The messaging app’s previous terms and conditions promised that it would not use the user’s phone number and personally identifiable information for commercial or marketing purposes without their consent.
Although users can limit what Facebook does with their data, the mechanism for doing so is less than obvious and doesn’t stop the data going to Facebook. WhatsApp chief Jan Koum’s promises about maintaining the service’s pro-privacy policies, made back at the time of the 2014 acquisition, are being stretched to their limit.
Privacy advocates are, unsurprisingly, not pleased about WhatsApp’s decision to use customer data for profiling purposes.
In a Q&A, WhatsApp said the data-sharing would help it to more accurately count unique users and fight spam. For example, if someone is sending out spammy links on Facebook, the new link could help WhatsApp crack down on the same user.

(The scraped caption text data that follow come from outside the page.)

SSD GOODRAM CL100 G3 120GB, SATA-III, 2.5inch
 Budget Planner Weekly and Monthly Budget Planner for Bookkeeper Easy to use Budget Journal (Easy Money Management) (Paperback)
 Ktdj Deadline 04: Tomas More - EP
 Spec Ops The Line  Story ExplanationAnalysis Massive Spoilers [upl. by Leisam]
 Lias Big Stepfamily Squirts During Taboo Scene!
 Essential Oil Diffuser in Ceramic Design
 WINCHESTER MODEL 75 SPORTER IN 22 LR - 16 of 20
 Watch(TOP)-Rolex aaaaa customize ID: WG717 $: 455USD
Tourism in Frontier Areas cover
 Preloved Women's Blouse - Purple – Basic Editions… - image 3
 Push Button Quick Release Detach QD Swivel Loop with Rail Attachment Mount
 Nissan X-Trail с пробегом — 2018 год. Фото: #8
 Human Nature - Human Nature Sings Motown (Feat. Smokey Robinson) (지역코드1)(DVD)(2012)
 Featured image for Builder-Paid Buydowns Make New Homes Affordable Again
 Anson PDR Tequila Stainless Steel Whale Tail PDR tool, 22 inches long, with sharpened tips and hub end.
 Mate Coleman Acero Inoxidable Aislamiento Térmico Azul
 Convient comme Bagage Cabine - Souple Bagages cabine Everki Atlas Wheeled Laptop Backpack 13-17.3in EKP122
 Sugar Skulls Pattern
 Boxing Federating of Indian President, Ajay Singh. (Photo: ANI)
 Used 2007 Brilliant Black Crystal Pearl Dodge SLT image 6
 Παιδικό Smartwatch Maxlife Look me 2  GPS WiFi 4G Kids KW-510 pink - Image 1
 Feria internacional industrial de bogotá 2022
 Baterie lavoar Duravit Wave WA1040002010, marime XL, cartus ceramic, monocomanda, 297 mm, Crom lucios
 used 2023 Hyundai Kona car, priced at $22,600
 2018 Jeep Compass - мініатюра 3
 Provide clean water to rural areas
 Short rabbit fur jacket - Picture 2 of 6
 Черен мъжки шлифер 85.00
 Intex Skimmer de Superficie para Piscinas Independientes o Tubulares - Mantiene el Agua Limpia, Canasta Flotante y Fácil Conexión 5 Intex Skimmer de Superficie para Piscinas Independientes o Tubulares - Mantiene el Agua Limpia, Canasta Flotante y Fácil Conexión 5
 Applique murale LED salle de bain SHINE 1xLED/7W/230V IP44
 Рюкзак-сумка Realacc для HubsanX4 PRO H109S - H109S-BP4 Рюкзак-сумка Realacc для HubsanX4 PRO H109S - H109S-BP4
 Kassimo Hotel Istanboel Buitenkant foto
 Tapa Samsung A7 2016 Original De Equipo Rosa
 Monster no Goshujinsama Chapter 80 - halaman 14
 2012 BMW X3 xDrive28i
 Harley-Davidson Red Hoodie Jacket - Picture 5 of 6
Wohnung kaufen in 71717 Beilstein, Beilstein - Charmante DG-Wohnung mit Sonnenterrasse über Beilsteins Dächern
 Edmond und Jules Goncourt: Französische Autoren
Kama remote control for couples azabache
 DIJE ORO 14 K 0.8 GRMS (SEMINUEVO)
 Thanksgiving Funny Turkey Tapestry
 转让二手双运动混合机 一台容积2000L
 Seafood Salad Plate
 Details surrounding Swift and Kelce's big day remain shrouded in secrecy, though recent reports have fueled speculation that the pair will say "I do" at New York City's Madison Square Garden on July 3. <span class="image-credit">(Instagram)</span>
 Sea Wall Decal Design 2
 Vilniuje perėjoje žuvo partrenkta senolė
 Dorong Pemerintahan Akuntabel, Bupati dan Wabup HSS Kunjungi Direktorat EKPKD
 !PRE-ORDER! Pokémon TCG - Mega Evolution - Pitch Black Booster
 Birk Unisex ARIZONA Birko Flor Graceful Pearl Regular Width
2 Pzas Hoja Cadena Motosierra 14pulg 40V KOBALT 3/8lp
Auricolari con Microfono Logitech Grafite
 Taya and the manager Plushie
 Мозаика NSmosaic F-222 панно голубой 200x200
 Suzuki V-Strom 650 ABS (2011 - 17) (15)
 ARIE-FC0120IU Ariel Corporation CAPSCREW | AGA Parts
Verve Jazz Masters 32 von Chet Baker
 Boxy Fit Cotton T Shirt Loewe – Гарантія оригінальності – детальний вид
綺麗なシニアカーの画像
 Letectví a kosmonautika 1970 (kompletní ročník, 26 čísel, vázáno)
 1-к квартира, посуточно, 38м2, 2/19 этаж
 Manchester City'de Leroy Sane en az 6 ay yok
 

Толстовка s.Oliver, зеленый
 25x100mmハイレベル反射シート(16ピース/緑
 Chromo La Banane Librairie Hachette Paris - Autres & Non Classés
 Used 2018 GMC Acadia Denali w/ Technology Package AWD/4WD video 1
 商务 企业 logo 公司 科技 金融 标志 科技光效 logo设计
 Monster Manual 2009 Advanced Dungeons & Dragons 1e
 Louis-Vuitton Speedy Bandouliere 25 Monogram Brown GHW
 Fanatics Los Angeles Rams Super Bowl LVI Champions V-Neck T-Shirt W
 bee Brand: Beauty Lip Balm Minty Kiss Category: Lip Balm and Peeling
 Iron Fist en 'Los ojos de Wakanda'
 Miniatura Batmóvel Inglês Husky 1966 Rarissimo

The messaging outfit stressed that Facebook would not show users’ phone numbers to their contacts. Facebook also won’t get to read the contents of WhatsApp messages—the nature of their end-to-end encryption means no-one but the sender and recipient can read them.
For more on WhatsApp’s encryption, watch:
As Facebook and WhatsApp have previously indicated, the plan is to integrate business-to-consumer communications into WhatsApp. This will help monetize the service, which stopped charging subscription fees earlier this year.
WhatsApp is adamant that, although its changes will improve the targeting of ads on Facebook, the messaging service itself will remain free from “third-party banner ads and spam.”
“We do not want you to have a spammy experience; as with all of your messages, you can manage these communications, and we will honor the choices you make,” Whatsapp said in the Q&A.